Monday, June 22, 2009

Head Fake

I wish that I could have a conversation with the late Dr. Randy Pausch, the Carnegie Mellon professor of computer science and design and co-founder of the Entertainment Technology Center (ETC). Also, Dr. Pausch was the presenter of the infamous “Last Lecture.” I had some correspondence with him and the Entertainment Technology Center at Carnegie Mellon University in 2004-2005 in response to a traumatic lawn mower injury that resulted in the partial amputation of my left foot. I recognize that the traditional consumer and industrial product safety manuals were not effective in communicating how to properly use a product or equipment safely. Actually, I believe that the actual number of people who even read owner’s manuals is a very small percentage. Therefore, I shuffled to Pittsburgh on several occasions to search out the world-class Carnegie Mellon computer science, drama, psychology, and business departments to pursue my vision of edutainment yard safety software in order to educate and entertain the millions of users of outdoor power equipment how to operate yard equipment in safe manner. Furthermore, the U.S. Consumer Product Safety Commission reports that 200,000 individuals get hurt each year using outdoor power equipment. It is a serious complex problem. I remember sending emails, having conversations, and dropping-off Rescue Rick the Grass Cut Man leaflets with various individuals at Carnegie Mellon, including the Entertainment Technology Center. Despite a valiant effort of hitting several Randy Pausch “brick walls,” I learned that Carnegie Mellon launched a spin-off company called Etcetera Edutainment to focus on workplace safety applying gaming and simulation technology. I am still trying to figure-out the proverbial Randy Pausch “head fake” related to this evolution without me. Rescue Rick the Grass Cut Man is a yard safety super hero that is here today so that yard accidents go away. I wish that I could talk with Dr. Randy Pausch because I know that he would tell me the truth and be fair with me regarding my concerns. Why the brick wall? What is the head fake? Also, I have pasted a wonderful story about Dr. Randy Pausch and his Last Lecture that appeared on the The Tartan Online (Carnegie Mellon newspaper) website http://www.thetartan.org/2007/9/24/news/pausch

Randy Pausch: How to achieve your dreams. Professor tells students to never give up, despite the odds.

News Tara Moore

Within the first few statements of his lecture, titled “Really Achieving Your Childhood Dreams,” Randy Pausch illustrated that he plans to live the time he has left to the fullest. “We can’t change the cards we are dealt, just how we play the hand. If I’m not as depressed as you think I should be, I’m sorry to disappoint you,” said Pausch, who was diagnosed a little over a year ago with pancreatic cancer.
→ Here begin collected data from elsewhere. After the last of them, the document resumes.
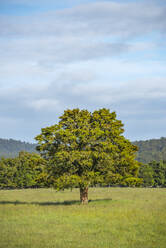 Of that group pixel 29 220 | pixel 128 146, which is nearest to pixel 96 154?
pixel 128 146

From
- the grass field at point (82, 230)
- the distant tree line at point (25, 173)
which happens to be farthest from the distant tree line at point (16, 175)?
the grass field at point (82, 230)

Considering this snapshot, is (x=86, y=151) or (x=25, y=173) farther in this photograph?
(x=25, y=173)

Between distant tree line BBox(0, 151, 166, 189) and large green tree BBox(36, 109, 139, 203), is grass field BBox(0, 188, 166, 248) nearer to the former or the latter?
large green tree BBox(36, 109, 139, 203)

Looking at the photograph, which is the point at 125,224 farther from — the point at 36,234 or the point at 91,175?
the point at 91,175

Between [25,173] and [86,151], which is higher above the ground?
[86,151]

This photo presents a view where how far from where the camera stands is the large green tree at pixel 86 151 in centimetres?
3544

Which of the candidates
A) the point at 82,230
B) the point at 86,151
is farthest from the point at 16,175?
the point at 82,230

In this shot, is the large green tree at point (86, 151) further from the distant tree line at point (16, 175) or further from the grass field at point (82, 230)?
the distant tree line at point (16, 175)

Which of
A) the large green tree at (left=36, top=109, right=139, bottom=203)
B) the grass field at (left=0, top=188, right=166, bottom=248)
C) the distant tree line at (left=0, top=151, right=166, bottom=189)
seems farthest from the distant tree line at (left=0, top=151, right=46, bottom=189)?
the grass field at (left=0, top=188, right=166, bottom=248)

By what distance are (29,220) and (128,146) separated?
18.5m

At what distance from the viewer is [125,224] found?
75.2 ft

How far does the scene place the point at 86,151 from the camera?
117 feet

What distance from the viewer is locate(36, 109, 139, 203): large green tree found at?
1395 inches

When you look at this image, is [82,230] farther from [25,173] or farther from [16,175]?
[16,175] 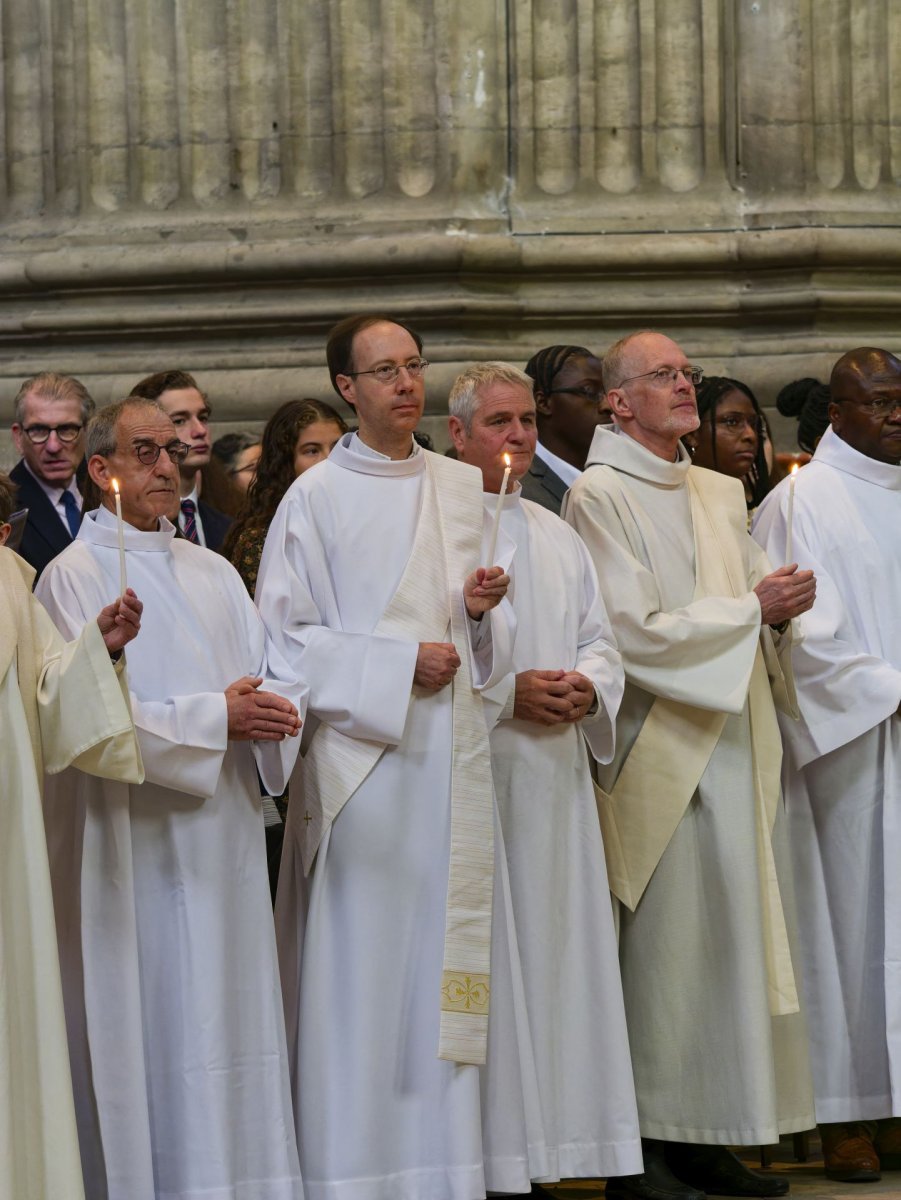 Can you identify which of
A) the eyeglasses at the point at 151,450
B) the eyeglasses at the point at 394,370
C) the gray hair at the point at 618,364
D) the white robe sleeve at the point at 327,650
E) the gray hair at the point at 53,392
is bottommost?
the white robe sleeve at the point at 327,650

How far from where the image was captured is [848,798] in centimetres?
709

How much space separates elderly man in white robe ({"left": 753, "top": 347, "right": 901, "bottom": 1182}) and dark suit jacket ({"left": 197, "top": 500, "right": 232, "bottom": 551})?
71.6 inches

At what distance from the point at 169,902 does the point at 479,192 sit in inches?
171

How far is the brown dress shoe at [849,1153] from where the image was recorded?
6.80 meters

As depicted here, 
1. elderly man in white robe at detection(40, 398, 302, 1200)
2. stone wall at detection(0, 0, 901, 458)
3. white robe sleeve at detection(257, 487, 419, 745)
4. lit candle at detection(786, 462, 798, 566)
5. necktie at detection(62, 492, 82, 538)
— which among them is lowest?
elderly man in white robe at detection(40, 398, 302, 1200)

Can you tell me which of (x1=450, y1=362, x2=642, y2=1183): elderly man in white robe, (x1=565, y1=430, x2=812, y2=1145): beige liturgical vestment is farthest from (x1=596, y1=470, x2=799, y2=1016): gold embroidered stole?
(x1=450, y1=362, x2=642, y2=1183): elderly man in white robe

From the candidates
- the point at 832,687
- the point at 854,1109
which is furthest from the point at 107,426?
the point at 854,1109

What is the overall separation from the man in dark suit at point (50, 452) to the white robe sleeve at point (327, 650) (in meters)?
1.15

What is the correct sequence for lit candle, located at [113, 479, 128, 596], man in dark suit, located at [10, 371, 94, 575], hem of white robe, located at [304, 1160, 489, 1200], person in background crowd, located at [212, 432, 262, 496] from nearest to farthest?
lit candle, located at [113, 479, 128, 596] → hem of white robe, located at [304, 1160, 489, 1200] → man in dark suit, located at [10, 371, 94, 575] → person in background crowd, located at [212, 432, 262, 496]

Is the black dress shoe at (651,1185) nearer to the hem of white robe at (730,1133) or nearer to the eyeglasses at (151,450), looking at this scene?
the hem of white robe at (730,1133)

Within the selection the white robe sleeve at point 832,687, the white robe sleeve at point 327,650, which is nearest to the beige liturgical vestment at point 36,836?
the white robe sleeve at point 327,650

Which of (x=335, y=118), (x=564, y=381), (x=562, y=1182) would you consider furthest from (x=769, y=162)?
(x=562, y=1182)

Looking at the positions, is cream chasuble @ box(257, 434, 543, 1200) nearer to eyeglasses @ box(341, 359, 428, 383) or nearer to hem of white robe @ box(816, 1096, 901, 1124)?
eyeglasses @ box(341, 359, 428, 383)

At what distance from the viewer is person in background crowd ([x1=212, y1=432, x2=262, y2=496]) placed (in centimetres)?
848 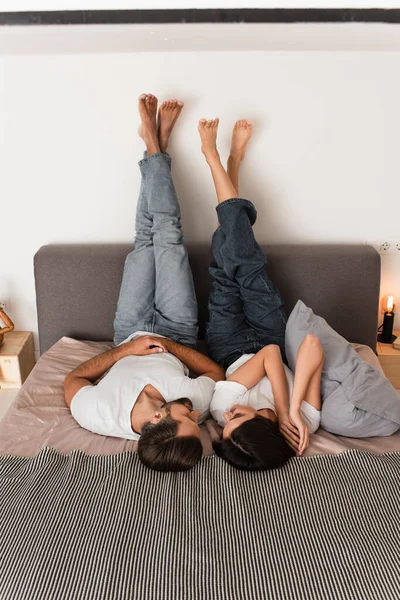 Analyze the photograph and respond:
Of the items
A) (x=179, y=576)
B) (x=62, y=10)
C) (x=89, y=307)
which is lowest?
(x=179, y=576)

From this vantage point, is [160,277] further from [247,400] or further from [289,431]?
[289,431]

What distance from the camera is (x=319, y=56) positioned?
2322mm

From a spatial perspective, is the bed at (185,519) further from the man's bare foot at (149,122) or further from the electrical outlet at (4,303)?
the man's bare foot at (149,122)

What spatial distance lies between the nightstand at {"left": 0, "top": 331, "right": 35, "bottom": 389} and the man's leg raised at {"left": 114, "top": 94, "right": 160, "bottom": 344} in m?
0.52

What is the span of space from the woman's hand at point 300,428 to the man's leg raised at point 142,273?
2.40 ft

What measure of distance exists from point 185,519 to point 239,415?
0.44 m

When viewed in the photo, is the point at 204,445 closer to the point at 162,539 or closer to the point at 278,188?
the point at 162,539

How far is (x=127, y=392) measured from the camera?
6.27ft

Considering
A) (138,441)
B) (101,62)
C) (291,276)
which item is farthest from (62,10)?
(138,441)

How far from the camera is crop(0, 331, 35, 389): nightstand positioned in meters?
2.52

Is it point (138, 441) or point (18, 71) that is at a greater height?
point (18, 71)

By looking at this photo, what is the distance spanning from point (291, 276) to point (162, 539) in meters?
1.37

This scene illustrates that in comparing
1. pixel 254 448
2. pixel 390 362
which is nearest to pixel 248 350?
pixel 254 448

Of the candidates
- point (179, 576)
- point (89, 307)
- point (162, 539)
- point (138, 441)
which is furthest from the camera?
point (89, 307) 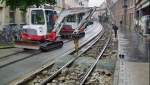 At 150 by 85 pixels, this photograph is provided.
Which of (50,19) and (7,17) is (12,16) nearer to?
(7,17)

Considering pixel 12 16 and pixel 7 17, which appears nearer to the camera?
pixel 7 17

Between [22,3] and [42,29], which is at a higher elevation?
[22,3]

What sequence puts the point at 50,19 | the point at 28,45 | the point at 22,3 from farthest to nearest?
the point at 22,3, the point at 50,19, the point at 28,45

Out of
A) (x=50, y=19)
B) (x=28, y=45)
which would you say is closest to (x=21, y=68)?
(x=28, y=45)

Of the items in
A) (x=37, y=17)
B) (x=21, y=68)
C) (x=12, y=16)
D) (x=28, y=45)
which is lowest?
(x=21, y=68)

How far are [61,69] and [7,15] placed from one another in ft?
60.1

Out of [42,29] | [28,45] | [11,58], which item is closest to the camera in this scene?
[11,58]

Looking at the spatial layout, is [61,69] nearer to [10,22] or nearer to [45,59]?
[45,59]

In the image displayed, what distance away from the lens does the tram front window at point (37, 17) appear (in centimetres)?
2394

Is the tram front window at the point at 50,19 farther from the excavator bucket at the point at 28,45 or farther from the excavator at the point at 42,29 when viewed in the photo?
the excavator bucket at the point at 28,45

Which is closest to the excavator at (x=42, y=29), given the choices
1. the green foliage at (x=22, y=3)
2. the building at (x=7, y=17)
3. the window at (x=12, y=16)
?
the green foliage at (x=22, y=3)

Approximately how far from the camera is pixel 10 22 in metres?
32.6


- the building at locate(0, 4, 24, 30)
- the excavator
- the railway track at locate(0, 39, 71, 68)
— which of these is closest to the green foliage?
the excavator

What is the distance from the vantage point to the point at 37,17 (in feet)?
78.9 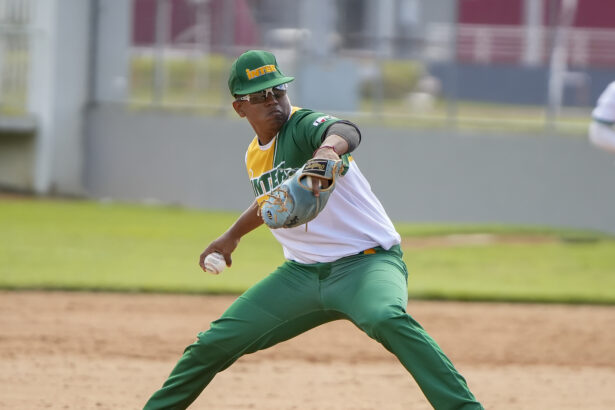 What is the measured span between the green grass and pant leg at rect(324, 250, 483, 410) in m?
6.21

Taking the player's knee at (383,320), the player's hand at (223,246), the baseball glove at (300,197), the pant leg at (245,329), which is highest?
the baseball glove at (300,197)

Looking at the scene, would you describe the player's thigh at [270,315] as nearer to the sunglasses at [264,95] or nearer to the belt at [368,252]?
the belt at [368,252]

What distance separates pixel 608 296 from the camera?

Doctors recently told him he only has five months to live.

Pausch, a professor of computer science and design and co-founder of the Entertainment Technology Center (ETC), stressed that everyone can achieve their childhood dreams if they try hard enough, but that it is more important to help others achieve their dreams also.

The lecture contained both humor and wisdom as Pausch explained that others can get past the “brick walls” (things that get in the way of their dreams), just as he did, and, like him, achieve all their goals.

Pausch’s determination to help others is reflected in the impact he has had on his students and all students who went through the ETC program. Laura Pliskin, who will graduate in December with a master’s degree in entertainment technology, said she might still be working in retail were it not for Pausch, though she never had him as a professor.

“I had earned my undergraduate degree in art, but had a hard time finding a job,” Pliskin said. She met Pausch when he was shopping for an anniversary gift for his parents at the store where she worked, EngraveYard. Pausch told her about the ETC, a graduate program that he had co-founded with Don Marinelli, the executive producer, in 1998.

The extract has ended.